First of all, thanks to everyone for their best wishes and supportive comments. Mrs Stan remain very unwell, but is making progress albeit slowly. Sometimes it's two steps forward and one step back - sometimes it's one step forward and two back - but there are occasional glimpses of the woman I married starting to show through. It's been particularly hard on the kids though - it can't have helped that this happened while they were on summer holidays - but they are coping well under the circumstances.
However, rather than dwell on the problems of the Stan household, I'd rather talk about something which is currently happening in Britain. To be honest, I've been rather surprised by it as the sort of thing that is currently taking place is more often put off until a more .... appropriate time. I'm talking about the progressives habit of rewriting history.
Progressives hate Britain. They hate England even more, but essentially they hate anything to do with our country which is not of their making or choosing - and that means anything that happened before progressivism took its death grip on our nations throat - i.e. anything before 1960, roughly speaking.

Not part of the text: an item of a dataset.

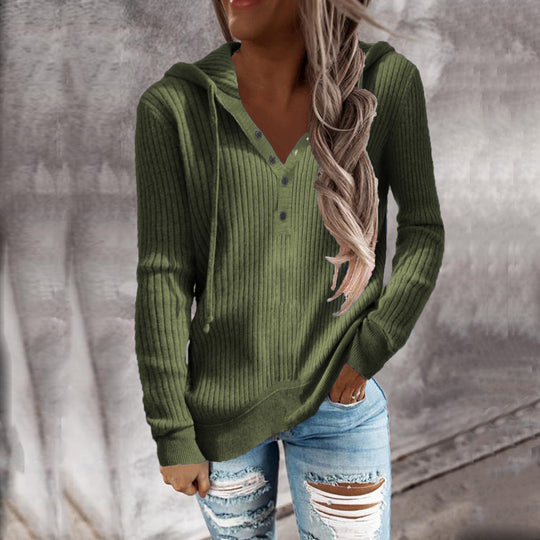 Damen Kapuzenpullover mit feinem Rippstrick und Knopfleiste Heidi-Mode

In particular they despise anything that is positive about Britain or British history. They'd like you to think that everything pre-progressivism was bad - health care was bad, education was bad, inequality was bad, social mobility was bad and so on. Unfortunately for progressives, historical evidence often disputes their depiction of pre-progressive Britain - so what they do is rewrite history to change that view.
It's not that hard to do. All you have to do is wait until everyone who might possibly remember what life was like in the past is dead then get someone to write a book telling the "true" story of the bad old days before we had social liberalism. These books are often based on second or third hand anecdotal evidence - i.e. the thoughts and opinions not of people who were there at the time, but people who knew people who were there at the time - and then published as non-fiction.
As I said, this is easy to do when those who were really there are dead - and even easier if they are long since dead - but it is a little trickier if there are still some who are still alive. Which is why I was surprised last week to find that the task of rewriting the history of WW2 is already in progress - with particular emphasis on transforming the crucial and decisive Battle of Britain into a "folk myth".
Robin Hood is a folk myth. There is no evidence to suggest he ever existed let alone did the things he was supposed to have done - but the Battle of Britain was not only a real event it was a real event captured on film and photograph and which those who were there at the time still remember. Even my mother recalls the time a "Spitfire" downed a "Messerschmidt" near Slough (they may not have been a Spitfire and a Messerschmidt, but to a very young girl every British fighter plane was a Spitfire and every German aeroplane was a Messerschmidt).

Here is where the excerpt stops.